In the example shown, the conversion of glyceronephosphate to glyceraldehyde-3-phosphate is mediated by a triosephosphate isomerase (EC 5.3.1.1). Selecting this entry from the EC entry list (Figure 3, B), highlights all query hits found in L. acidophilus below the defined threshold (Figure 3, D). Two entries below an e-value of 1e-120 were found, namely ORFs Lba699 (e-value: 1e-127) and Lba700 (e-value: 1e-131). Both entries show significant similarities to triosephosphate isomerases. Further analyses showed that the conversion of glyceraldehyde-3-phosphate to glycerate-1,3-bisphosphate and to glycerate-3-phosphate is mediated by Lba698 (EC 1.2.1.12, e-value 1e-176) and Lba699 (EC 2.7.2.3, e-value 0), respectively. The ambiguity found for EC 5.3.1.1 could be resolved and, consequently, the genome annotation was updated accordingly.
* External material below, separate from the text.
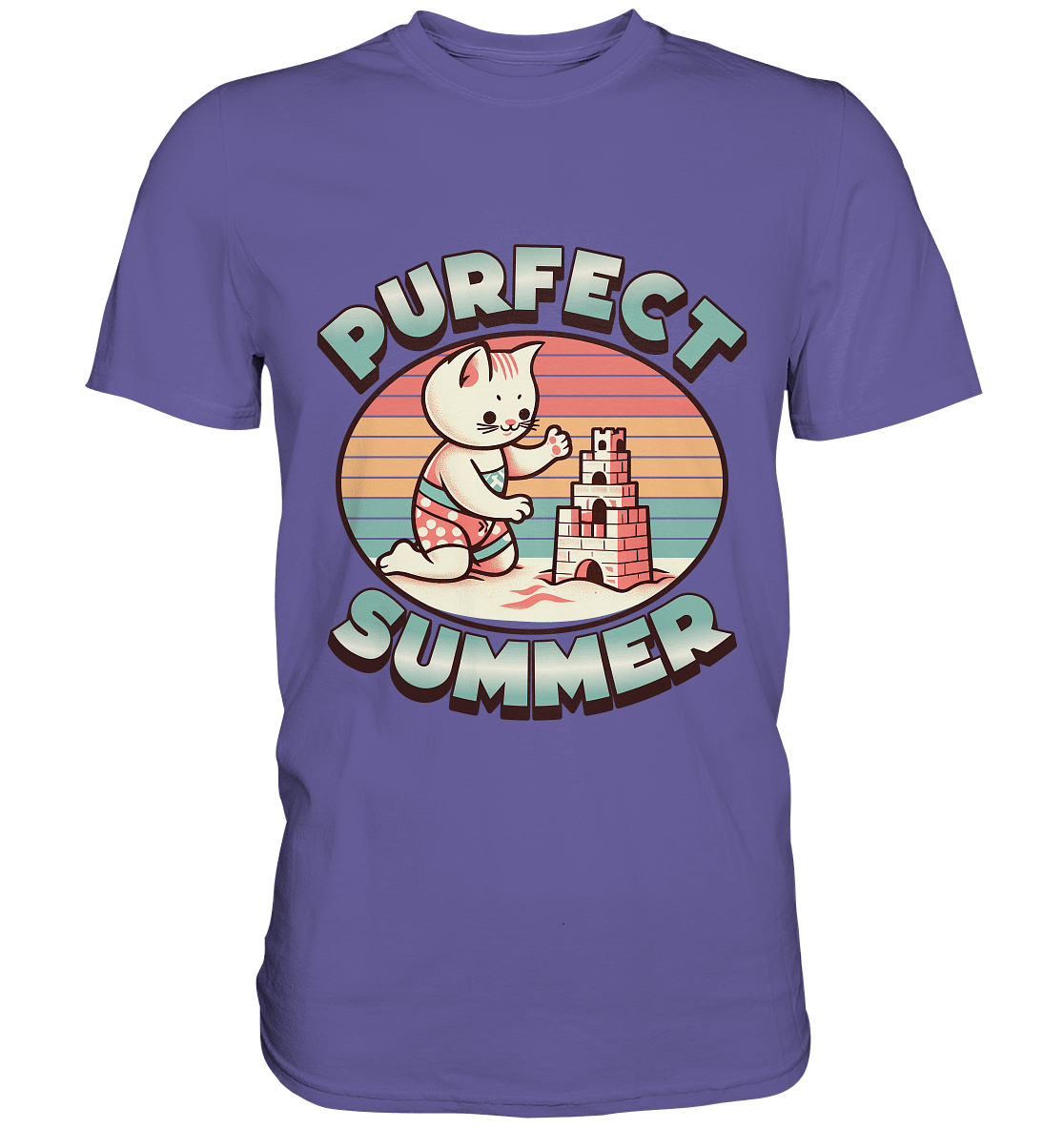 Purfect Summer – Niedliches Katzenmotiv mit Sandburg und Retro - Sommerfeeling - Premium Shirt - FaunaFeels Onlineshop Unisex - Shirts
More detailed analyses revealed the presence of the complete pathway for uptake and conversion of glucose into pyruvate and L-lactate. A more detailed analysis of the complete metabolic pathway reconstruction of L. acidophilus NCFM using PathwayVoyager is described elsewhere [10].
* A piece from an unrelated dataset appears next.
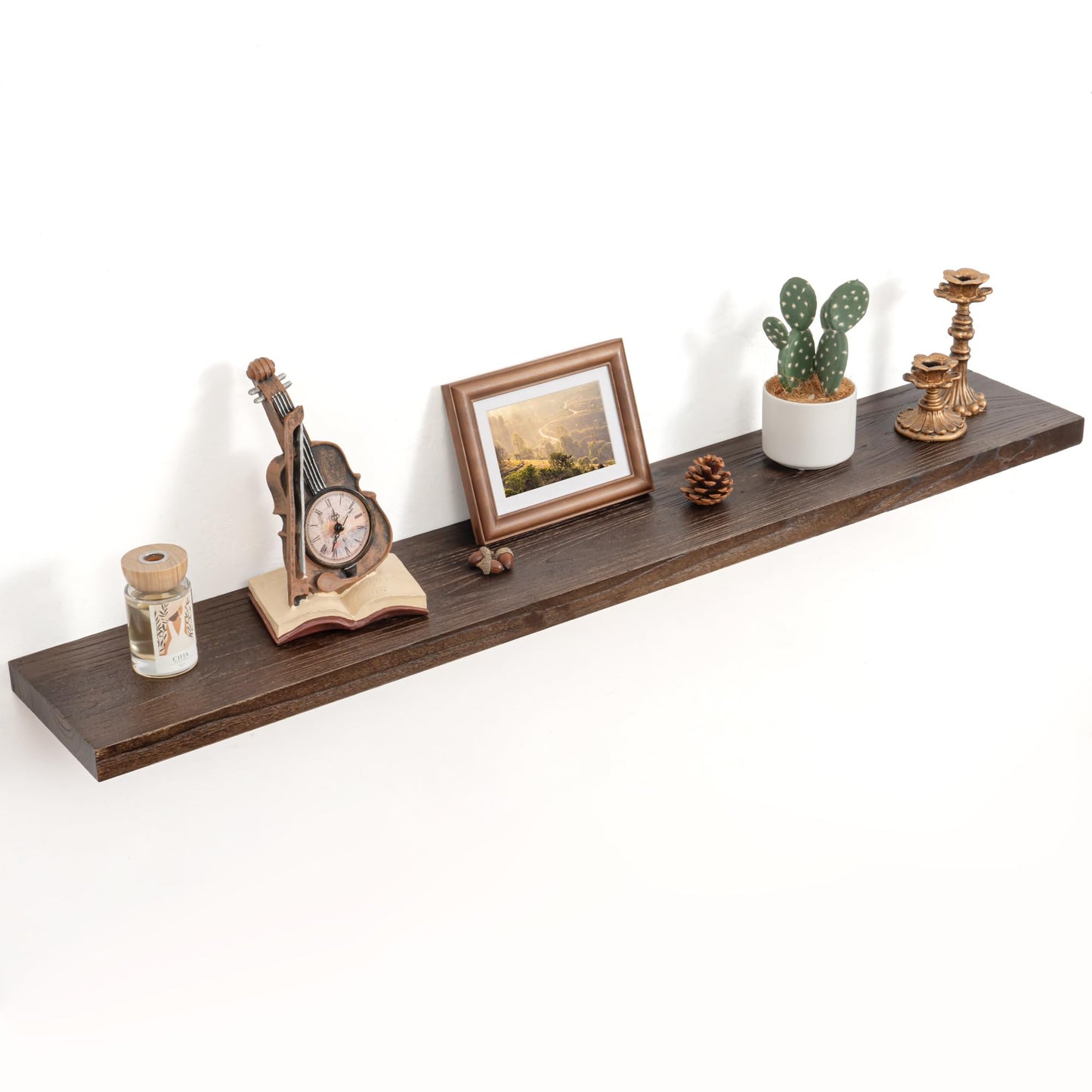 Floating Shelves for Wall Decor, Rustic Solid Elm Wood Live Edge Floating Shelves Wall Mounted, Wall Shelves with Invisible Bracket for Living Room Bathroom Bedroom Kitchen, 24 Inch Set of 2, Natural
PathwayVoyager does not evaluate or extrapolate the displayed hits and the quality and significance of the results depend on the current content of the KEGG database. As with every predictive software, results should be carefully analyzed and seen in their genetic context to evaluate activities and potential substrate specifity-variances carried out by homologous enzymes. Results from previous analyses can be displayed by selecting the "View existing KEGG pathways" option in the PathwayVoyager main window (Figure 2, C).
Run times for PathwayVoyager may vary, depending on the number of selected pathways and organisms. Analysis of a complete genome of ~2,000 open reading frames (ORFs) using the complete KEGG database can be carried out in less than 36 h.